Dan Anderson stood, young, tall and grave, one hand in the bosom of his shirt, for hardly one present wore a coat. He had his audience with him before he spoke. When he began he caught them tighter to his cause, using not merely flowing rhetoric of speech, but the close-knit, advancing, upbuilding argument of a man able to "think on his feet,"—that higher sort of oratory which is most convincing with an American audience or an American jury.

The statement of the prosecution, said Dan Anderson, was on the whole a fair one, and no discredit to the learned brother making it. None would more readily than himself yield acquiescence to the statement that law and order must prevail. Without law there could be nothing but anarchy. Under anarchy progress was at an end. The individual must give up something of his rights to the state and the community. He gave up a certain amount of liberty, but received therefor an equivalent in protection. The law was, therefore, no oppressor, no monster, no usurer, no austere being, reaping where it had not sown.
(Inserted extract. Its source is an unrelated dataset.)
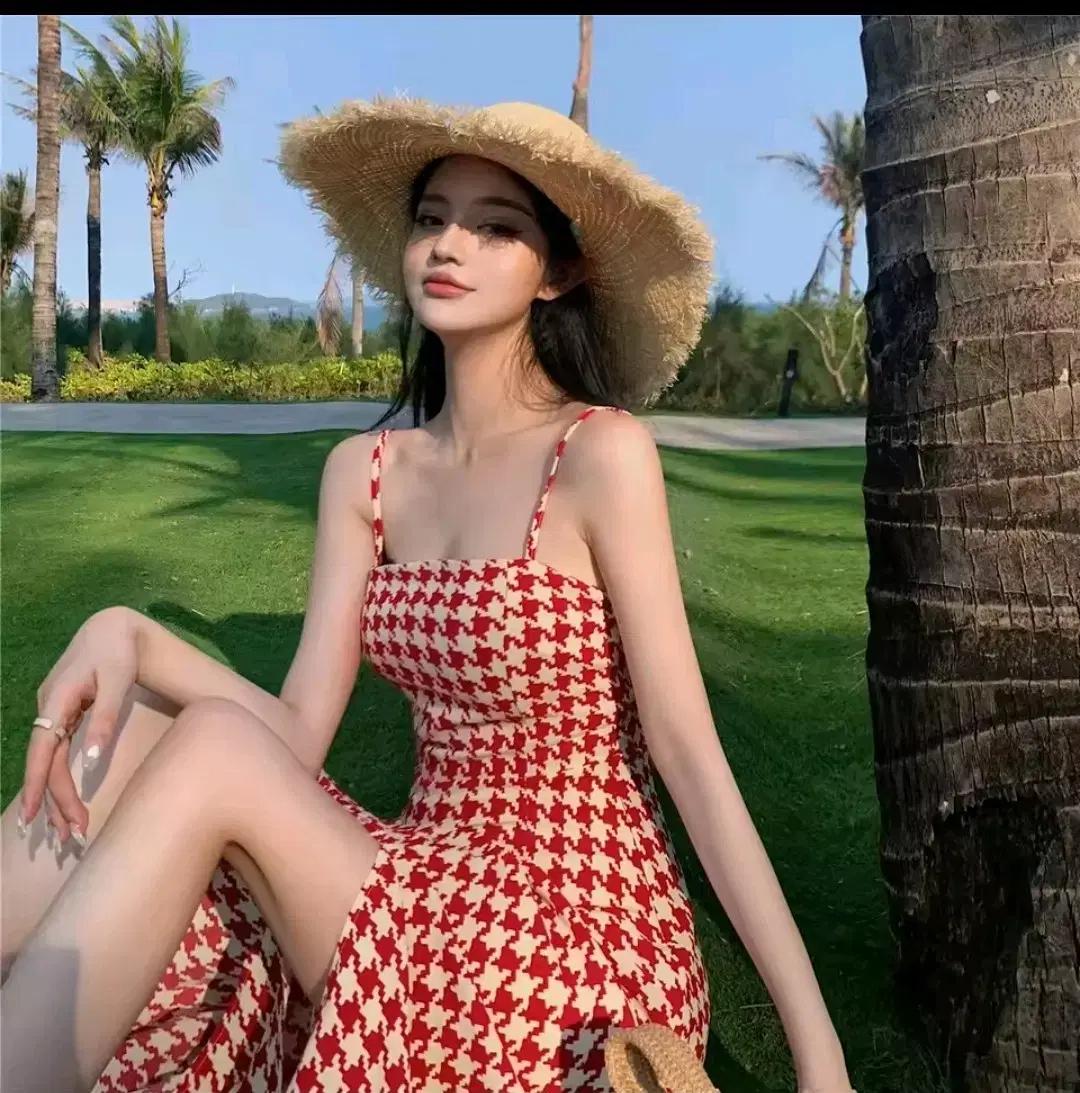 바캉스 휴양지룩 하운드투스 체크 탑 나시 롱 트임 원피스 개미허리 골반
The law was nothing to be dreaded, nothing to be feared; and, upon the other hand, it was nothing to be scorned.

There must be a beginning, continued Dan Anderson. There must be something established. The pound measure was one pound, the same all over the country; a yard measure was a yard, and there was no guesswork about it. It was the same. It was a unit. So with the law. It must be the same, a unit, soulless, unfeeling, just, unchangeable. There was nothing indeterminate in it. The attitude of the law was thus or so, and not otherwise. It was not for the individual to pass upon any of these questions. It was for the courts to do so, the approved machinery set aside, under the social compact, for reducing the friction of the wheels of society, for securing the permanency of things beneficial to that society, and for removing things injurious thereto. The Law itself was immutable. The courts must administer that Law without malice, without feeling, impersonally, justly.
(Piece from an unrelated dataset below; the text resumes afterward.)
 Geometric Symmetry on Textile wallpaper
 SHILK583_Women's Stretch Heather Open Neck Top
In so far as there had hitherto been no Law in Heart's Desire, went on the speaker, thus far had our citizens dwelt in barbarism, had indeed been unfit, under the very definition of things, to bear the proud title of citizens of America, the justest, the most order-loving, as well as the bravest and the most aggressive nation of the world. The time had now come for the establishment in this community of the Law, that beneficent agency of progress, that indispensable factor, that inseparable attendant upon civilization. Upon the sky should blaze no more the red riot of anarchy and barbarism. Upon the summit of the noble mountain overtopping this happy valley there should sit no more the grinning figure of malevolent and unrestrained vice, but the pure form of the blind Goddess of Justice, holding ever aloft over this happy land the unfaltering sword and the unwavering scales, so that all might look thereon, the rightdoers in smiling security, the wrong-doing in terror of their deeds. This was the Law!